(Short web captions)
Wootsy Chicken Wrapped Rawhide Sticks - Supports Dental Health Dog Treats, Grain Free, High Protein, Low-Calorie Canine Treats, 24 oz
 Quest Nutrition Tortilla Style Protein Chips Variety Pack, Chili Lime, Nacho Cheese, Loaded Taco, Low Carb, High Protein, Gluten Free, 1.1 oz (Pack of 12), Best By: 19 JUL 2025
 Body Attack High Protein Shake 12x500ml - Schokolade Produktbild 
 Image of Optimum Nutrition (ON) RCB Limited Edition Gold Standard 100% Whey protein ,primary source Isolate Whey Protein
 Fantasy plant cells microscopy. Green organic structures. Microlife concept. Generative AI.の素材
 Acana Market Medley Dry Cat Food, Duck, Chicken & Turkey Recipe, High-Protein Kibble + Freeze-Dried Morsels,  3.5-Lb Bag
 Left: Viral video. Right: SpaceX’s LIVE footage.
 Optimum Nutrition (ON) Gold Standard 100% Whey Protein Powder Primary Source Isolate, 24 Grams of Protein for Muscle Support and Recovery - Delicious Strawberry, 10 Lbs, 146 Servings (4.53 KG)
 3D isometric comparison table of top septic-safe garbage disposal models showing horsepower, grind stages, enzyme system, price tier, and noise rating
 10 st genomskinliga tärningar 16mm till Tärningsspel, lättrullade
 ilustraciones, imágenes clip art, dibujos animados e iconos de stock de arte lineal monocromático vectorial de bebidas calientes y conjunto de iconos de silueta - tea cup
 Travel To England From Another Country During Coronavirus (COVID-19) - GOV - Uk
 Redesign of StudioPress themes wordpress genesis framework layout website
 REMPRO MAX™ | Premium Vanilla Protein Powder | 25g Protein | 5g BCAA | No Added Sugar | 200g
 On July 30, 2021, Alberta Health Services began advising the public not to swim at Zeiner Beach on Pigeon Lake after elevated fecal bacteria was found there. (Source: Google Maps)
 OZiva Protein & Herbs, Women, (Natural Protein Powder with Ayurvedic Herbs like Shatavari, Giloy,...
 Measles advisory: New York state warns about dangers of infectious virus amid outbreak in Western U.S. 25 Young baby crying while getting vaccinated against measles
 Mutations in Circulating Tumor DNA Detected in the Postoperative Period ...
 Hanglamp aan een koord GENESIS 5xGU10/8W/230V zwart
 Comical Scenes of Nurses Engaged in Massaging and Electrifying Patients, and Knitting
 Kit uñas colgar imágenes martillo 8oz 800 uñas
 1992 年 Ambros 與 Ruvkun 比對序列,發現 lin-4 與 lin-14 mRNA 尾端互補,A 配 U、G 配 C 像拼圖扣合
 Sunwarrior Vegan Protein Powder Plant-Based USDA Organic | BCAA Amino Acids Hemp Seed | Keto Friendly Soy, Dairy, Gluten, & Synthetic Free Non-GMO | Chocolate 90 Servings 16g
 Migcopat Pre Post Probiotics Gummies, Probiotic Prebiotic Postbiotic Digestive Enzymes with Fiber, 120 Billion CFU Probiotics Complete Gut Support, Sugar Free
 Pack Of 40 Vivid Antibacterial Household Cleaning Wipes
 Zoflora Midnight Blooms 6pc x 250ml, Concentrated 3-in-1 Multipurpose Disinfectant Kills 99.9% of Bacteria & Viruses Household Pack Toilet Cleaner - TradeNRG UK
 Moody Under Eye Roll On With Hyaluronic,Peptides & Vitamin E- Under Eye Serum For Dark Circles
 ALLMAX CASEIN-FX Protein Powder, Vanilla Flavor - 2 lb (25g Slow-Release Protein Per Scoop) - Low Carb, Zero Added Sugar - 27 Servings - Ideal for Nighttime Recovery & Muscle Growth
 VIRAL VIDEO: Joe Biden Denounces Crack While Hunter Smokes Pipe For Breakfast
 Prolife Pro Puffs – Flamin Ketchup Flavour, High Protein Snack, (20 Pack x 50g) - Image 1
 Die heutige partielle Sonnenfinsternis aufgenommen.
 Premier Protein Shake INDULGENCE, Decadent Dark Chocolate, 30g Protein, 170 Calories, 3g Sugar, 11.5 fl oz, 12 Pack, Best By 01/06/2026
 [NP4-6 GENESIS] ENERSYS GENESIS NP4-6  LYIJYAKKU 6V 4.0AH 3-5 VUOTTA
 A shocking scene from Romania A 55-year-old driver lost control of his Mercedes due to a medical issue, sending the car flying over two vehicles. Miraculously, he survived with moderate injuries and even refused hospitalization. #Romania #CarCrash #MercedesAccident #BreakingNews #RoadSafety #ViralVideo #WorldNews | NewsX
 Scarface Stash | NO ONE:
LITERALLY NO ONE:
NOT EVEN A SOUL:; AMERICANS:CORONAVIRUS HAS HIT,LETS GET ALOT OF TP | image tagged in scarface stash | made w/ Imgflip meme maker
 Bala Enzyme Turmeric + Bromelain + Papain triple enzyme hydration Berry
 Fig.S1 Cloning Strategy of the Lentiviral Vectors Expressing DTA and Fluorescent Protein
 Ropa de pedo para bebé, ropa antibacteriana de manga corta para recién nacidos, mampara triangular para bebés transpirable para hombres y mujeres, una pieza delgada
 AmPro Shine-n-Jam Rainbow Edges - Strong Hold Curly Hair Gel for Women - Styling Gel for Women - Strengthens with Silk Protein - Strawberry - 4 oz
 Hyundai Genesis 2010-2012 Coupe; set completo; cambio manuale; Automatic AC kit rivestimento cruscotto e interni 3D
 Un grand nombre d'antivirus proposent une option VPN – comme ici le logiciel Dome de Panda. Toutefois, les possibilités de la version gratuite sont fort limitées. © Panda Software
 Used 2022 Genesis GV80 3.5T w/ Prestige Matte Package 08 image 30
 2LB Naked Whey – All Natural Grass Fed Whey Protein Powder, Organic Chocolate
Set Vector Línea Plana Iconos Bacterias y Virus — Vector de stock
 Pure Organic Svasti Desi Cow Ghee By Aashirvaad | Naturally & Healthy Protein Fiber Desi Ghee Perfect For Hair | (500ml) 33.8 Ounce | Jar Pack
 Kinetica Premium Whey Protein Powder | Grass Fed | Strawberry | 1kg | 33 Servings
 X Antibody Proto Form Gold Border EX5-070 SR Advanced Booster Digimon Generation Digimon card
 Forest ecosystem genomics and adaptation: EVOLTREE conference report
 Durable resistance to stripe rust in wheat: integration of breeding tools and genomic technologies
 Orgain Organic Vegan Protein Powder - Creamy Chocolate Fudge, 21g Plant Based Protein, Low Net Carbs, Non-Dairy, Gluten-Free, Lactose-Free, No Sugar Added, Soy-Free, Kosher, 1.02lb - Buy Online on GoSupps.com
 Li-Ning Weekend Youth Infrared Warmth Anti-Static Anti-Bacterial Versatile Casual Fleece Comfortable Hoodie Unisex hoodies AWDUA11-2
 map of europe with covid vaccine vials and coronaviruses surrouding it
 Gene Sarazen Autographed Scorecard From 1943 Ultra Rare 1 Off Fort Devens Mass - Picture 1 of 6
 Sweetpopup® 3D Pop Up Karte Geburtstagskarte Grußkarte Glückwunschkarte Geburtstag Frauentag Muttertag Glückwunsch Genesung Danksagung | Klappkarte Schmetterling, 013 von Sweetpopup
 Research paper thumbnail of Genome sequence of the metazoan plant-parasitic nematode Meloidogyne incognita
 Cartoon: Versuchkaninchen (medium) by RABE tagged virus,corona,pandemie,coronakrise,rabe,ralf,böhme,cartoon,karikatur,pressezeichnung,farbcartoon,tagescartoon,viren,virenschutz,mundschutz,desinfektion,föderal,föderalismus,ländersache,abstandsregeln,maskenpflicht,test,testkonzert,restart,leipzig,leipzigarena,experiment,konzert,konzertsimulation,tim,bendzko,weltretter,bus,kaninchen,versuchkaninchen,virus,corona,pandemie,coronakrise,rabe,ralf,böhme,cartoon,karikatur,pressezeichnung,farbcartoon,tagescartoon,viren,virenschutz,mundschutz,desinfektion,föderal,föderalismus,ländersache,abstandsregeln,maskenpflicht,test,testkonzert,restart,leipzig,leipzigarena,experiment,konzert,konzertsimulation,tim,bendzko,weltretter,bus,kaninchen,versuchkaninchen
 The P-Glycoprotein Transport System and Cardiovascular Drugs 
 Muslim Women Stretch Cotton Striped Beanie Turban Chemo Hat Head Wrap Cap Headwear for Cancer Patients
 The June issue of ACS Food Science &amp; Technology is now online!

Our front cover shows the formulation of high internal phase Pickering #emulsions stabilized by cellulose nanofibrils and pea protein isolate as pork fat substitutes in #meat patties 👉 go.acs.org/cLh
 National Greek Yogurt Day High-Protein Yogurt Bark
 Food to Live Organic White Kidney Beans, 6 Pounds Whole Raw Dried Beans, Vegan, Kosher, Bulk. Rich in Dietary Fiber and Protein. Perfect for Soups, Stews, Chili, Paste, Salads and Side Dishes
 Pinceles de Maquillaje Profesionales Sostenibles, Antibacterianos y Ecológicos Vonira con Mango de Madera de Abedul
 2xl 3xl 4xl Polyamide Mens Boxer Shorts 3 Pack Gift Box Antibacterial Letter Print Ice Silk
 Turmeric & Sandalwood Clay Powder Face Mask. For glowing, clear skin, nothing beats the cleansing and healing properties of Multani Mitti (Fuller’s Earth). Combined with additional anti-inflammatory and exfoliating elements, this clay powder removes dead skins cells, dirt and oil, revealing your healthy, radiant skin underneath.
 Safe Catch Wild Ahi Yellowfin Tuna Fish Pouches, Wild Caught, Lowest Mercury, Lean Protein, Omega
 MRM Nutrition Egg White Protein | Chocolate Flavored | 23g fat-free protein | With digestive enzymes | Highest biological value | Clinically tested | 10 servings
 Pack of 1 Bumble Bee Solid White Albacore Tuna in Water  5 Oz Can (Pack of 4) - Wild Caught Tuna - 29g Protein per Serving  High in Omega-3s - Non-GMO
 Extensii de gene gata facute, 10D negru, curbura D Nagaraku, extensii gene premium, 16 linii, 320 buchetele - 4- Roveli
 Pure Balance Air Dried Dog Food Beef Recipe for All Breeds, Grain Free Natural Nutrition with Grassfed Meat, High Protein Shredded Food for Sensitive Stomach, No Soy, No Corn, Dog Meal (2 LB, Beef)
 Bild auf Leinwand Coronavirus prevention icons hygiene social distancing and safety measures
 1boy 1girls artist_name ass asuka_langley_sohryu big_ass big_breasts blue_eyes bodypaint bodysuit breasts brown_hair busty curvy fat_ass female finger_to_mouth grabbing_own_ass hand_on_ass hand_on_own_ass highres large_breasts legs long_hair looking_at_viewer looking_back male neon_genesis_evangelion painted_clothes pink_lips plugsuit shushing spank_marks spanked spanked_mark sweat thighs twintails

## EXERCISE PROMPT
If a line comes after the one containing "Image of Optimum", leave it out; set down every line of the data before it, and that line itself, exactly.

## RESULT FOR THIS TASK
Wootsy Chicken Wrapped Rawhide Sticks - Supports Dental Health Dog Treats, Grain Free, High Protein, Low-Calorie Canine Treats, 24 oz
 Quest Nutrition Tortilla Style Protein Chips Variety Pack, Chili Lime, Nacho Cheese, Loaded Taco, Low Carb, High Protein, Gluten Free, 1.1 oz (Pack of 12), Best By: 19 JUL 2025
 Body Attack High Protein Shake 12x500ml - Schokolade Produktbild 
 Image of Optimum Nutrition (ON) RCB Limited Edition Gold Standard 100% Whey protein ,primary source Isolate Whey Protein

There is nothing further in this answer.